Kenley Collins, the pussy thrower of Williamsburg, has moved out of the Brooklyn apartment she shared with her fiance (now ex) Zac Penley after she was arrested for attacking him with a pussy and fruit. Kenley told The New York Post yesterday that she broke up with Zac, because she wants to stay in New York and he wants to travel. The loon forgot to mention that he wants to travel far, far, far away, change his name, get a sex change and pray that Kenley never finds him again.

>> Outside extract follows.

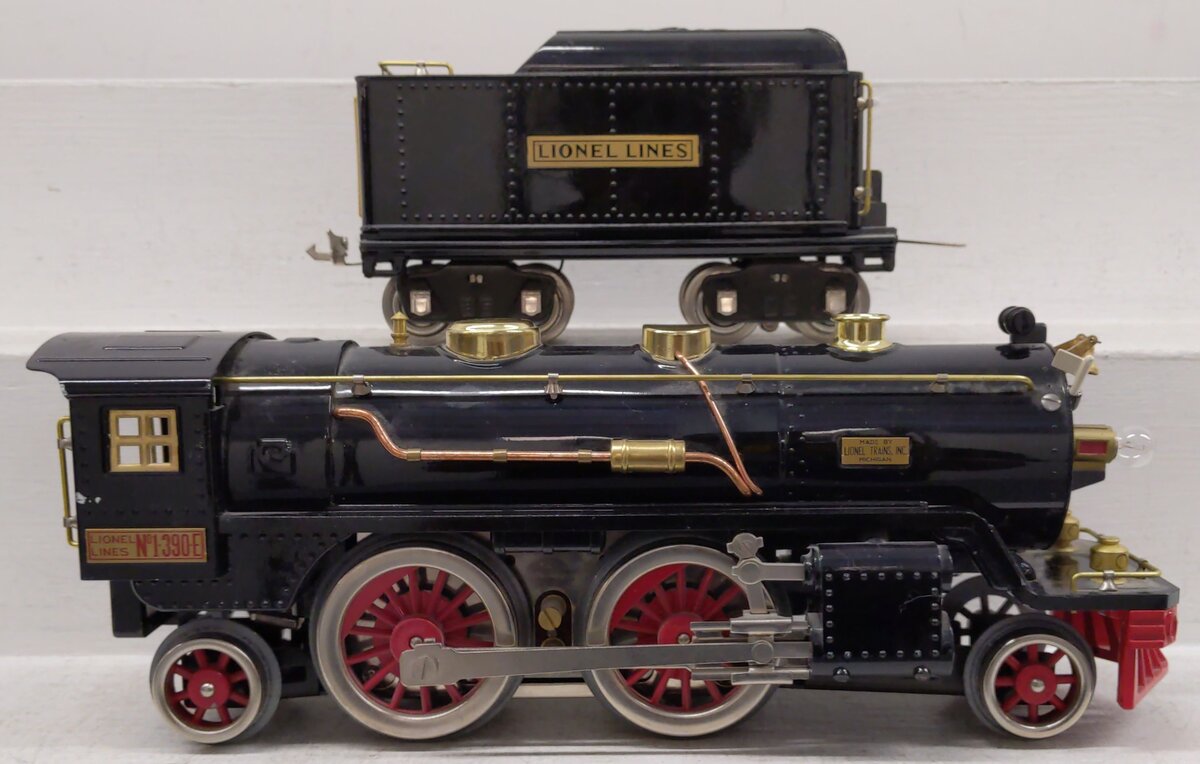 Lionel 6-13100 O Standard Gauge 390E Black Steam Locomotive and Tender EX/Box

The almost Mrs. Kenley Penley went on to say that she’s going to let Zac keep the cat she threw at him! The cat that belongs to him! Not only is she crazier than a full season of Intervention, but she’s also so fucking generous. Oh, Kenley, stick your head in a toilet and keep flushing until all the crazy pours out of your ear holes.
Kenley added, “The girl cat Sandra is mine and the boy cat Arlo (above) is his.” Arlo might have been thrown across the room, but it sounds like he got off easy, because he doesn’t have to live with Kenley. Sandra is fucked. Sandra better learn how to use a phone, so she can call in anonymous tips to the fucking ASPCA. I mean, having to listen to Kenley’s screechy voice that can kill a morning has to be some sort of pussy abuse.
Kenley was charged with being a fucking psycho, throwing a pussy and abusing produce. Kenley could get 7 years in the clink if convicted.